Le Trésor public s’endettera pour financer les déficits du budget de l’Etat qui sont énormes, évalués à 2500 milliards de DA.
Le recours au financement non conventionnel « va permettre d’élaborer une LF 2018 sans hausse de taxes », a-t-il promis. Grâce à ce choix, « l’Algérie va sortir de cette impasse financière » sans « casser le rythme de développement » du pays, a encore indiqué le Premier ministre.
Le gouvernement s’engage à mener des réformes durant cette période
Le Primer ministre s’est engagé à lancer des reformes profondes pour moderniser l’économie nationale. Pour cela, il a eu recours à la méthode pédagogique pour expliquer hier aux 400 députés le recours au financement non conventionnel face à la crise financière en rassurant que cette mesure « aura un impact positif sur les citoyens, l’Etat et les entreprises locales ».
Dans sa présentation du plan d’action du gouvernement, il a indiqué que les emprunts que le Trésor public obtiendra auprès de la Banque d’Algérie « permettront de relancer ou d’achever des projets de développement humain gelés ou bloqués ces dernières années dans plusieurs domaines, dont ceux de la santé et de l’éducation ».

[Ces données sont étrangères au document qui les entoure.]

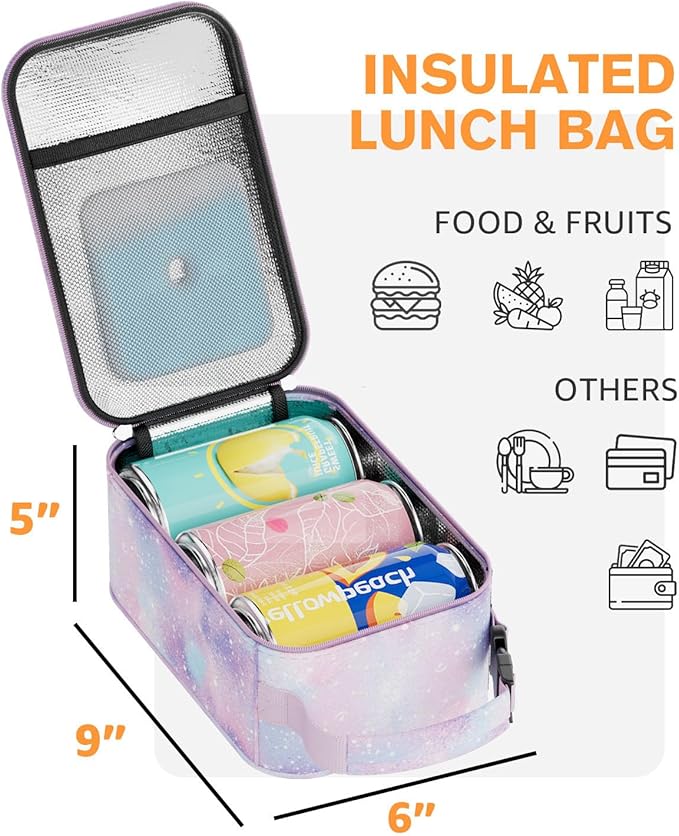 HowFly Small Lunch Box for Men- Small Insulated Snack Bag for Kid - Mini Cooler Bag Resuable Freezable Lunch Bags Thermal Lunchbox for Women Kids Work - Pink Astral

De même, dit-il encore, « ces emprunts non conventionnels auprès de la Banque d’Algérie permettront à l’Etat de continuer de fonctionner normalement sans devoir imposer aux citoyens de nombreux impôts nouveaux ». Il a également avancé que cette catégorie de financements aura un « impact positif » sur les entreprises locales qui recouvreront leurs créances sur l’administration et pourront ainsi survivre et se développer, « alors que certaines autres PMI ont, malheureusement, été déjà acculées à la disparition ».
Le Trésor « financera aussi le remboursement de ses importantes dettes vis-à-vis de la Sonatrach ou des banques publiques engagées dans l’assainissement de Sonelgaz, de sorte que les banques publiques retrouvent des liquidités qu’elles utiliseront pour le financement de l’investissement économique », a encore détaillé le Premier ministre.
Ce financement exceptionnel sera « accompagné de réformes économiques et financières pour rétablir l’équilibre des finances publiques ainsi que l’équilibre de la balance des paiements », a-t-il insisté. « L’Algérie va recourir temporairement à ce type de financement pour faire face à une crise financière qui dure depuis plus de trois ans, induite par une grave chute des prix des hydrocarbures », a-t-il encore souligné.
Enfin, plus 200 députés de l’Assemblée nationale, auxquels s’ajoutent les présidents des groupes parlementaires, se sont inscrits pour intervenir dans les débats sur le plan d’action du gouvernement.